Saturday, April 28, 2012

how you think will reflect on how you do it~

 if this was the reflection of  your life...how would u think??
at this hour of time....hmm...5.10 am in the morning to blog it out.....means i have something in my mind...something that bothers me that, i can't even make a correct judgement anymore.... i admit, i'm not happy and can be emotional sometimes...but i'm trying my best to overcomes those mistakes..... life is fragile....wht is life about?? food, shelter and protection and also affection as well...

n well i'm not good in dealing with my emotions when it comes to affection. would u even think that you are stupid enough to be fool ....it's really up to you actually...quotes such as "to be or not to be"....... u can be the one fooling or get fool about it...but, why do u wanna get involve in fooling one another...it's a funny thing happen in a human...when u know someone makes mistakes....can u actually really forgive them?? the ans would be YES....Y? cause our heart are fragile enough.... i bet everyone makes mistakes....i remember one of my lecturer says... mistakes are part of being human... u can choose to forgive...u can choose to forget...but .....  human will still make the same mistakes over and over again unconsciously.... i dare not to say myself to be perfect and do no mistakes....instead i think my mistakes was being naive to believe something that would change....i'm willing to put in all the time....to wait for the miracle to happen....put high hopes in it... but it would always not up to my expectations... OR i could say.... NOT EVEN CLOSE..... to believe is a gud thing....but when reality hits u up.... things that you believe will gone disappear.... because u can't control ppl actions and behavior, therefore we only will be ended with break downs.... phew....wht a miserable life you can say..... another quotes here... " fool me once shame on you, fool me twice shame on me" ....

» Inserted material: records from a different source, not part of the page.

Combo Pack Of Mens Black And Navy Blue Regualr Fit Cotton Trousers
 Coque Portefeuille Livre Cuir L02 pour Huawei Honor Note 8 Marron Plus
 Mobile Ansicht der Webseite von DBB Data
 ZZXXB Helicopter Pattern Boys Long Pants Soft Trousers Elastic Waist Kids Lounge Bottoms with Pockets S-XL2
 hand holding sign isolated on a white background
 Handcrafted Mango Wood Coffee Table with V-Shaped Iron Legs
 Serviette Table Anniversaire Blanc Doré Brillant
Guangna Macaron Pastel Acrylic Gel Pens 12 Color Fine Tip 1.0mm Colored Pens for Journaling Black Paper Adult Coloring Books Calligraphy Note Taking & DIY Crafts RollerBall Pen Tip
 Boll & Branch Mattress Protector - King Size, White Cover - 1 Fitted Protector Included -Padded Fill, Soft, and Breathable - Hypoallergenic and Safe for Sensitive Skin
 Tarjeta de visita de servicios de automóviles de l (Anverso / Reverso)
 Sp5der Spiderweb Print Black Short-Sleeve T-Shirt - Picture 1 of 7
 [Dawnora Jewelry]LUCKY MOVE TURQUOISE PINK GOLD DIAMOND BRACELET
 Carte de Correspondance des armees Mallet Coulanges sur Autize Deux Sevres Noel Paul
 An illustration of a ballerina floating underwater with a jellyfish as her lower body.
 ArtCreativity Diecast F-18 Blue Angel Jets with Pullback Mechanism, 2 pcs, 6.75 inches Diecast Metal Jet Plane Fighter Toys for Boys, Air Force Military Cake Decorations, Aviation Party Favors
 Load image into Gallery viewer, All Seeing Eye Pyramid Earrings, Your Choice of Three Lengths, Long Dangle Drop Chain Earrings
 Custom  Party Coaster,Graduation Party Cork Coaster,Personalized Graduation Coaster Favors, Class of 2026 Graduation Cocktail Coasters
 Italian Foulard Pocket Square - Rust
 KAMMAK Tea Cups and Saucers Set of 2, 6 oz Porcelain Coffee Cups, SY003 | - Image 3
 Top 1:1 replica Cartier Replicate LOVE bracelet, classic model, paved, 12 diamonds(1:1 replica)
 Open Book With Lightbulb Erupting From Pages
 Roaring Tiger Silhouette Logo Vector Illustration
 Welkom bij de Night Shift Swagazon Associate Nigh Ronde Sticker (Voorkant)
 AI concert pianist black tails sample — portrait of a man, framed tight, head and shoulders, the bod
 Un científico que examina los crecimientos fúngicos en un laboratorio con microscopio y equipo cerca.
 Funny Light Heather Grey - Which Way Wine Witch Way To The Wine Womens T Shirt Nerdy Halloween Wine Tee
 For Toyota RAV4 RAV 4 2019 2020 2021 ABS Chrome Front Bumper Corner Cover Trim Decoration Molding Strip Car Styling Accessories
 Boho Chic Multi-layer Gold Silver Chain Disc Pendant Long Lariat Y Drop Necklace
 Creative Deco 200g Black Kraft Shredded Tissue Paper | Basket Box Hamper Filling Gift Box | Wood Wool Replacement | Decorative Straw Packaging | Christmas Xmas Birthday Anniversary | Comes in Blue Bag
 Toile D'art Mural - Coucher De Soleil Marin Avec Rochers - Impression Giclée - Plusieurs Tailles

Now  think again...when a person did a mistakes...it's really worth giving them a chance to prove they could rebound  it??? Chances are , why not give it a try...... hmmm...sounds like a gud idea..... then problem is....
A wound would still be a wound...no matter how hard u try to forget the past...it still happen before....n wound could be heal with those positive thinking n time of course...if the one who make mistakes really try hard to fix it, the wound would heal ....... but wht if they don't??? ans would be....OUCH~!!! You hurt me again~!!!.....u open up the wound n put more pain on it.... i know it felt bad when shits happen~.... and by this point, your trust towards that person will be re- evaluate again.... maybe it was a mistakes of your own to give this person a chance....but at the same time it could also deepen the pain.....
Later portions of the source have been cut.